箱男を読んだ後のワークとして、出町柳駅周辺のフィールドワークを行なっていました。目的としては、他者の観察であり、他者のコピーです。その経験をふまえて、前回のワークでは、自分にとって身近な人をコピーして、参加者の皆さんにそれぞれ発表してもらいました。そこで見えてきたことが幾つかありました。柳沼さんの言葉で印象的だったのが、「これは、学校のお遊戯では無い。クラスの中の面白い子がいるけれど、私たちがこのように他者をまねる場合、クラスの面白い子以上の効果を出すには、どうしたらいいのだろうか」

100人の観客を想定して演じるように、との指示が事前に出されていました。参加者同士も、長い付き合いになればなるほど、身内ウケ、といった状態に陥ることもありますが、それでは表現者としてダメなのではないか。他者から見られても大丈夫な様態を築くには? 本物のリアリティを観客の脳裏に浮かび上がらせるためには? そうしたテーマに沿って、柳沼ラボ、10月に突入していきます。読書の秋、観察の秋、表現の秋ですね。

2011年9月11日日曜日

異物と新たに出会う


台風も去り、秋に突入しました。
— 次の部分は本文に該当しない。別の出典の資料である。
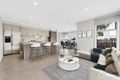 Property photo of 322 Boardwalk Boulevard Point Cook VIC 3030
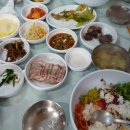 형규농장 이미지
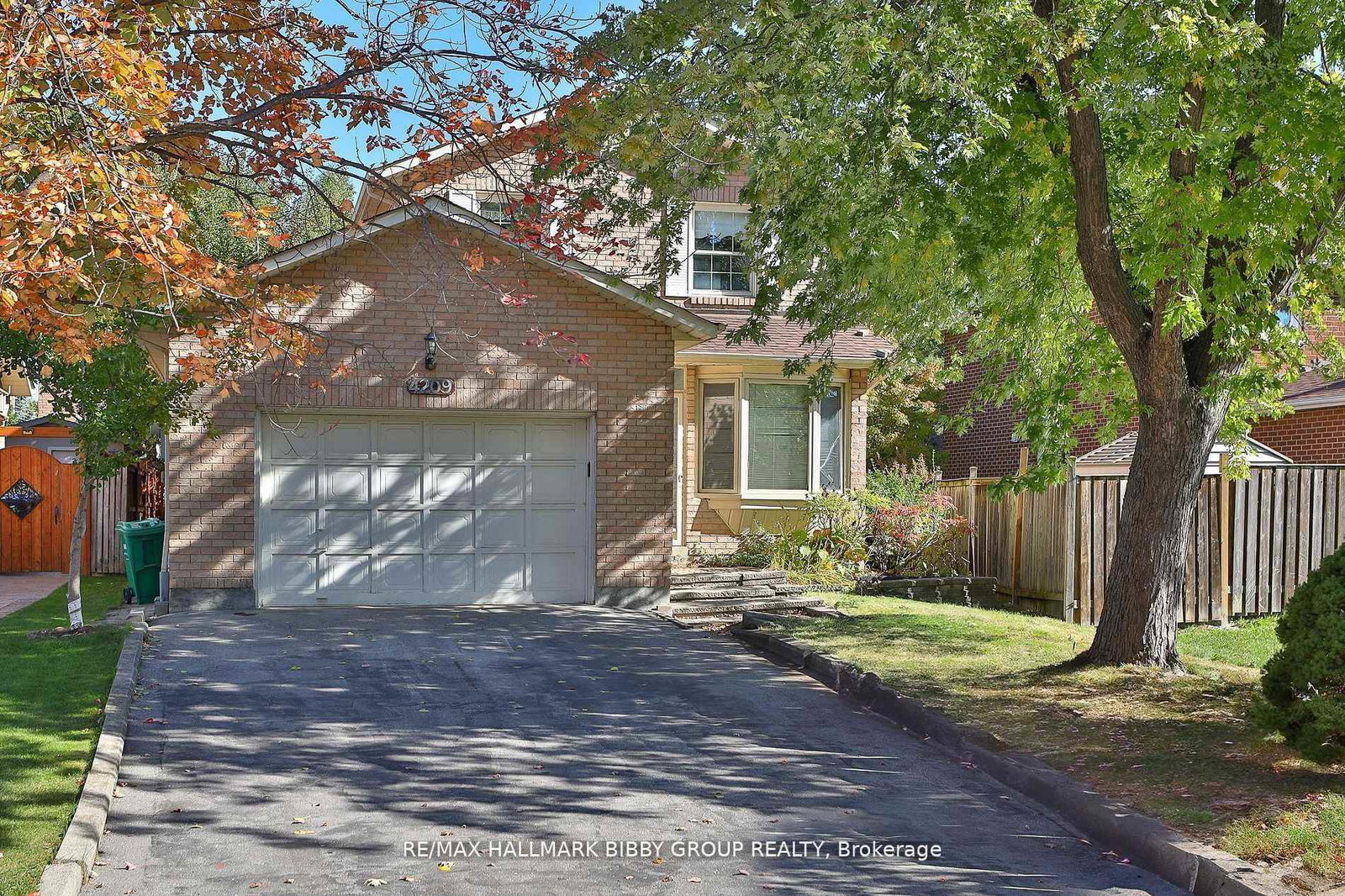 4209-viburnum-court-mississauga-ontario-w12736114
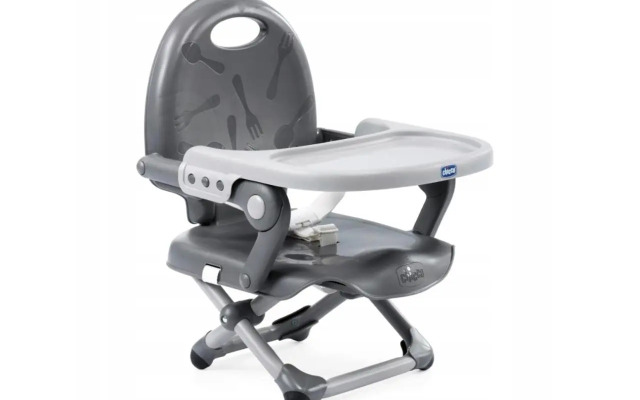 Calle San Carlos 132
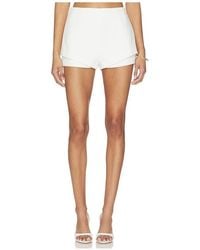 Misha - The Mojave Mini Short - Lyst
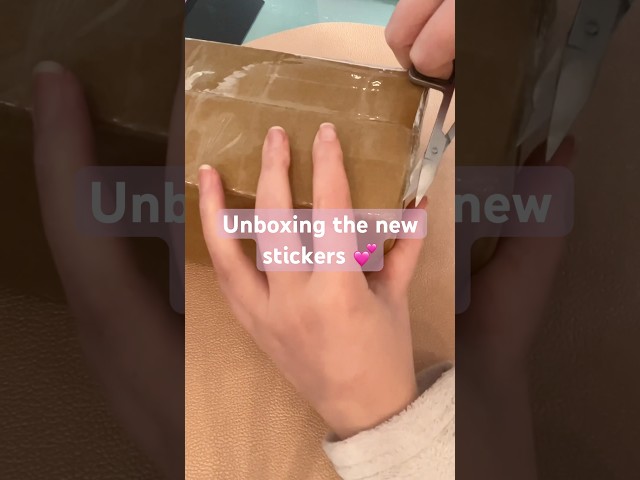 Vídeo relacionado con Pegatinas de Genshin, 50PCS Stickers Genshin, Stickers Anime, Pegatinas de Anime, Pegatinas Manga, Genshins Game Pegatinas, Pegatinas Skate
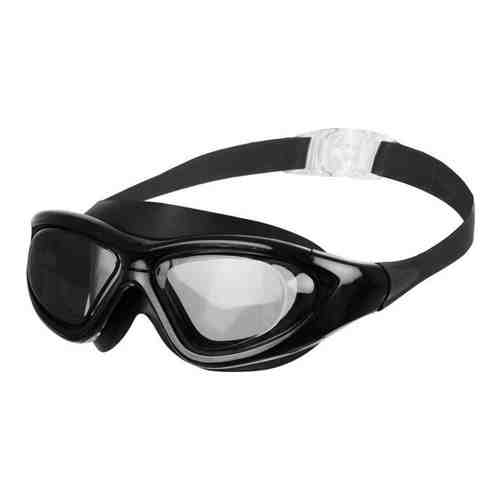 Взрослые очки для плавания Onlitop 2267515 арт. 1482203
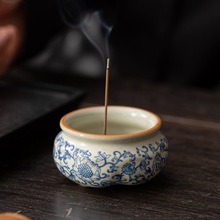 �໨��GС��t����̴����Ѭ�t������������҃Ȳ����մɔ[��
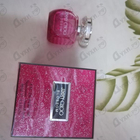 Отзыв Jimmy Choo Blossom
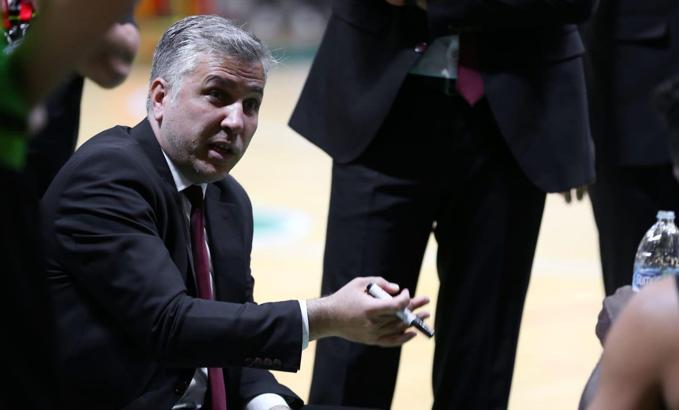 Merkezefendi'de Zafer Aktaş farkı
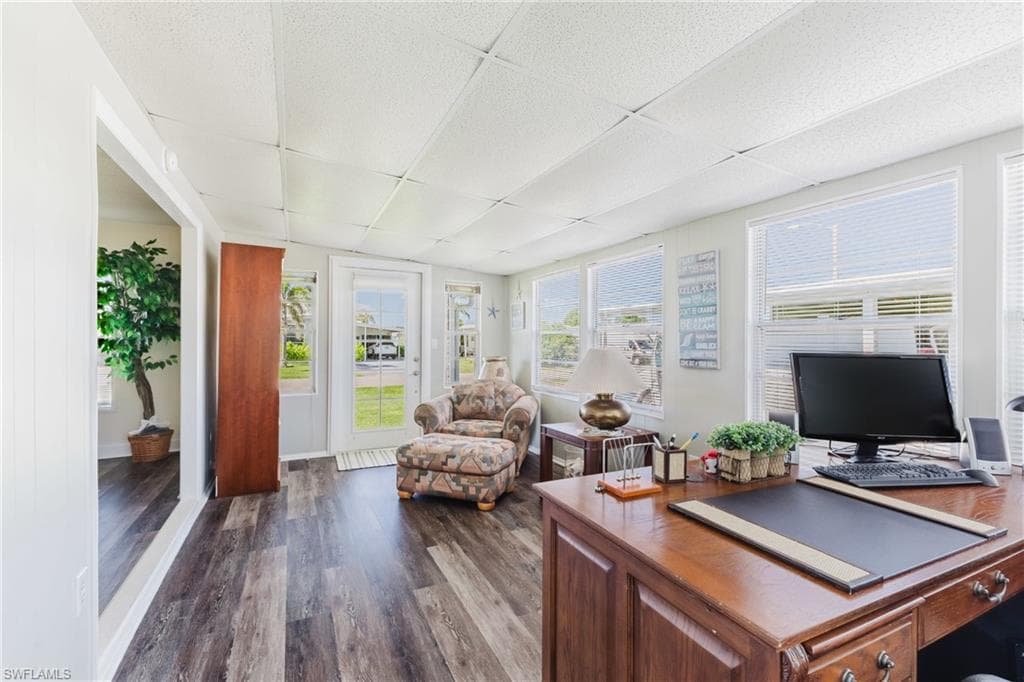26066 Princess Ln, Bonita Springs, FL 34135-7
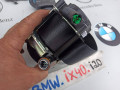 ремень безопасности BMW iX I20 2022, электро, полный привод, правый руль, 6494699 - фото №2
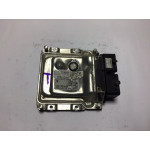 Hyundai Kia Motor Beyni 39106-03736 39116-03736 ME17.9.21.1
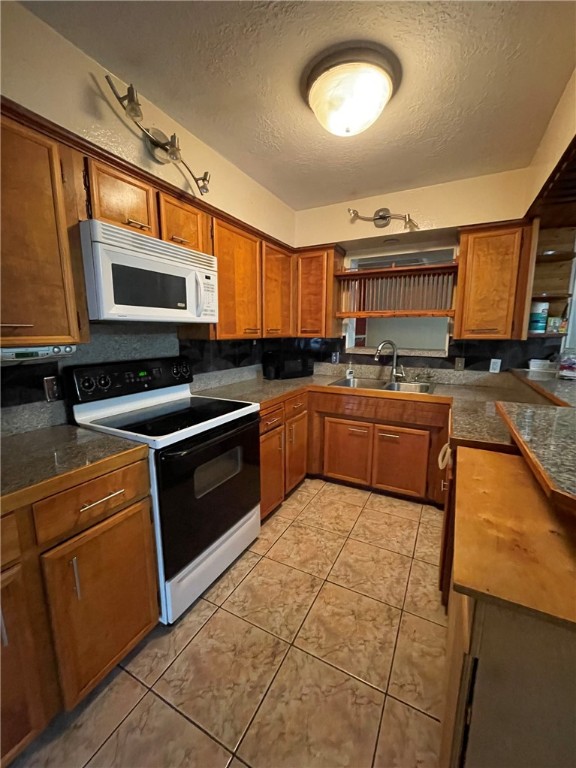 6002 Killarmet Dr Property Photo 10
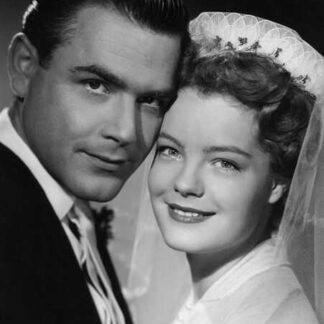 The Last Man (1955) with English Subtitles on DVD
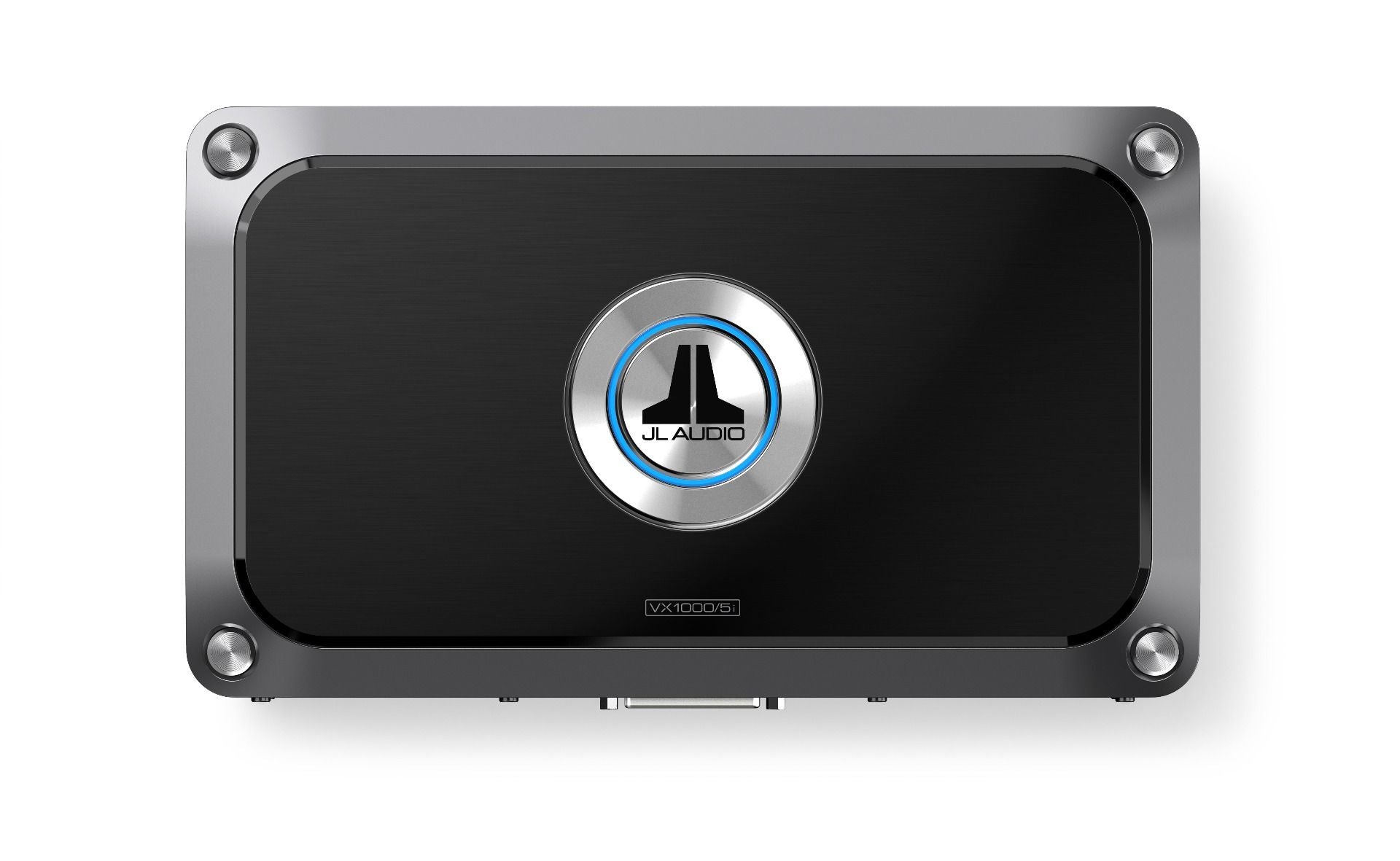 JL Audio VXi1000/5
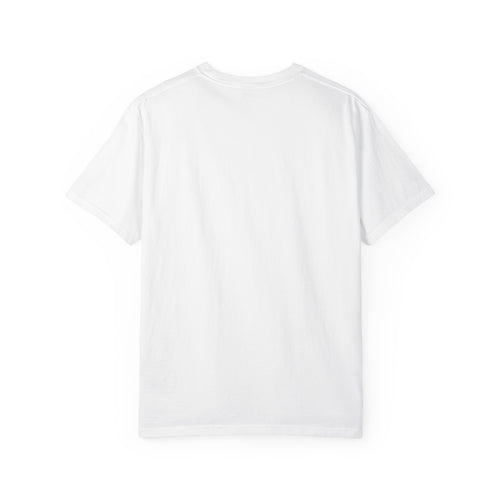 Soft Girl Whimsy Shirt | “You’re Never Too Old” Tee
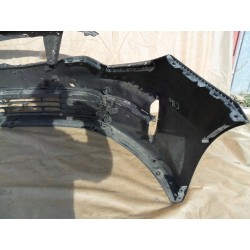 ZDERZAK PRZÓD PRZEDNI ORYGINAŁ 86511-D4000 KIA OPTIMA IV 4 2015-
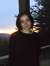 abbey s...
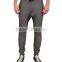 Mens custom cheap wholesale men emoji jogger flight pants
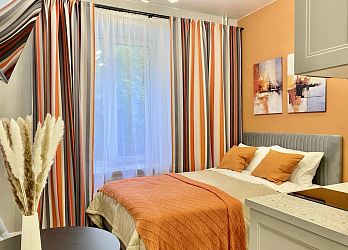 Объявление Комната, 17.4&nbsp;м&sup2;, 3/6 эт.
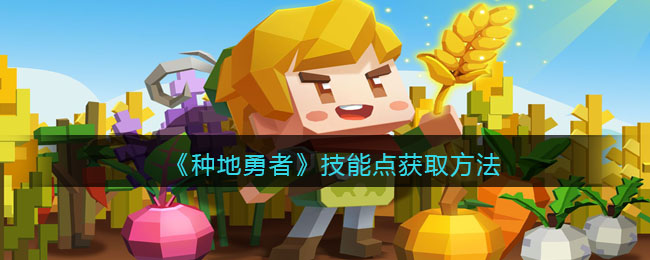 ���ֵ����ߡ����ܵ��ȡ����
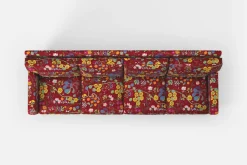 Josef Frank Soffa 3031* Soffor & Schäslonger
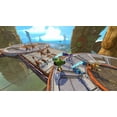 thumbnail image 4 of Sony PlayStation 98175 Ratchet & Clank: All 4 One PS3, 4 of 6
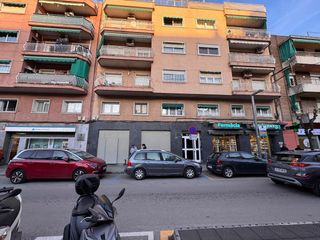 Geschäftsraum in Sant Vicenç dels Horts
アクターズラボ+烏丸ストロークロック、通称柳沼ラボです。
今回のワークの後半、即興的に人と人が出会うという練習を行いました。言葉を用いずに、相手とどうやってコンタクトをとっていくか。そこで柳沼さんがコメントしたことがとても印象に残りました。「これがもし演劇の冒頭だったらどう思うか。僕らは最初から二人が何か事を起こすことをわかったうえで見ているが、純粋に見る人からしたら、とても無理やりことを起こしているように見えはしないか?」
練習しているときの私たちの状態と、私たちが観劇をする時の心の状態とは全く違います。ふと、その視点に立ち返らせる柳沼さんの冷静な一言に、参加者たちは思わずはっとしたのではないでしょうか。舞台上での公演が最終的な目標であるからこそ、稽古の時間に距離をとって、冷静に判断していくことが求められるのだと思います。真にクリエイティブであるということの難しさを、実感させられる一幕でした。

さて、今回のワークから、宿題が出るようになりました。安部公房著「箱男」を読んでくるように、とのこと。印象に残ったシーンを、次回ラボでそれぞれに語ってもらいます。